Quantum physics inspired this study.

Schwartz mulled how the night sky shows us what used to be, not how it is. Scientists know the twinkling stars we see could have extinguished long ago. This led him to dwell on how energy continues well beyond the demise of its physical structure. He wondered if the same concept applied to human energy, or our souls.

This led him to study whether mediums could obtain accurate, unique and verifiable information from the dead.

Skeptics were key to the study’s design.

Keenly aware of the probability of mediumship fraud, Schwartz enlisted other skeptic scientists to serve on an advisory board. He also brainstormed with a psychic magician (who uses the art of illusion to discredit mediums) and a professional cold reader (who interprets body language and expressions and asks general leading questions to extract information from the sitter).

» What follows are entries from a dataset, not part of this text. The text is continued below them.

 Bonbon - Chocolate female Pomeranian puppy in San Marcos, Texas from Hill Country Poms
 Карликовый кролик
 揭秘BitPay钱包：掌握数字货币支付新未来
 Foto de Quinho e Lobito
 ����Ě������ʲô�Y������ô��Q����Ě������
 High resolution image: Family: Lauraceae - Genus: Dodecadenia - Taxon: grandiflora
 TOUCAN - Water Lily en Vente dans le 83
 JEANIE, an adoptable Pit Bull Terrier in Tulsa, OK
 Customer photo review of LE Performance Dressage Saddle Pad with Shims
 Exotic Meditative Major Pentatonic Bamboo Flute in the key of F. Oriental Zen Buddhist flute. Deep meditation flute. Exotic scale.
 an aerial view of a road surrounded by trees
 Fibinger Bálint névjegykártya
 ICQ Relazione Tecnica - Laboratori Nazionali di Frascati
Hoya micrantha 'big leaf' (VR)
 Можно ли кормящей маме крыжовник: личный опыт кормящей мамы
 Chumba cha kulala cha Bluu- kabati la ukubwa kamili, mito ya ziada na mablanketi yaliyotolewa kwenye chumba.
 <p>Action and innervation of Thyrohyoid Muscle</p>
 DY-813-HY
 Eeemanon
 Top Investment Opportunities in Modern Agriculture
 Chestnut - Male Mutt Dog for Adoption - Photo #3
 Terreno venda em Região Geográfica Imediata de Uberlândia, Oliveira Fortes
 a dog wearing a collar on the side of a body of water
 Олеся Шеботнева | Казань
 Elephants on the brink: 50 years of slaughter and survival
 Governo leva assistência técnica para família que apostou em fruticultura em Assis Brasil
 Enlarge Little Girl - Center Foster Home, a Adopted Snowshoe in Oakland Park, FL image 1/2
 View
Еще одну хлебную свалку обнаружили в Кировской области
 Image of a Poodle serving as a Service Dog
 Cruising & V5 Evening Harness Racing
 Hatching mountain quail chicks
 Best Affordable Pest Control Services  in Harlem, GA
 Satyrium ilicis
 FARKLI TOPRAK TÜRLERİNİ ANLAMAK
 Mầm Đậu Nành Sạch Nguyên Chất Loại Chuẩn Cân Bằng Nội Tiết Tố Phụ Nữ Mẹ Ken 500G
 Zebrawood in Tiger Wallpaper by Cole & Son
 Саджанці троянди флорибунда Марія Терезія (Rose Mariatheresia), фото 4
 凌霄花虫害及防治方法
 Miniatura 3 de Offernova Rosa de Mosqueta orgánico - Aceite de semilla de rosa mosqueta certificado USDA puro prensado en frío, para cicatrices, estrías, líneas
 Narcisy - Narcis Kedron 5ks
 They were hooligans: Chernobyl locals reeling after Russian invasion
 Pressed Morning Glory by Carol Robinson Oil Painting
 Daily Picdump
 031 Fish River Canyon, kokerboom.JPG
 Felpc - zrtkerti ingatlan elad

To keep UA’s data as pure as possible, mediums:

  • Didn’t know the identity of sitters (the people being read by the mediums). Even if the mediums could find out, sitters were randomly assigned to see some mediums, but not all—rendering advance research useless.
  • Were blind to the sitters; subjects sat behind them and a screen, so mediums couldn’t read expressions or body language.
  • Were periodically instructed to perform silent readings (sitters remained quiet), thus eliminating any voice or verbal clues to what was said. During periods when sitters were allowed to respond, they were limited to yes or no answers.
  • Occasionally provided remote readings of unknown subjects who were out of town. Later, mediums would meet these sitters over the phone so researchers could study how reading accuracy differed when direct contact over the phone or in person was not available.

High profile mediums agreed to be studied.

Schwartz recruited mediums (among them John Edward, Suzanne Northrup and George Anderson) to participate.

Psychic abilities and mediumship are different.

As some of the data conveyed by the mediums were unknown by the sitters (details were later verified by others who knew the departed), Schwartz surmised that the seers were not reading minds (psychic abilities) and could’ve only received the information from the crossed over souls.

The Afterlife Experiments is fascinating and a must read for believers and skeptics alike.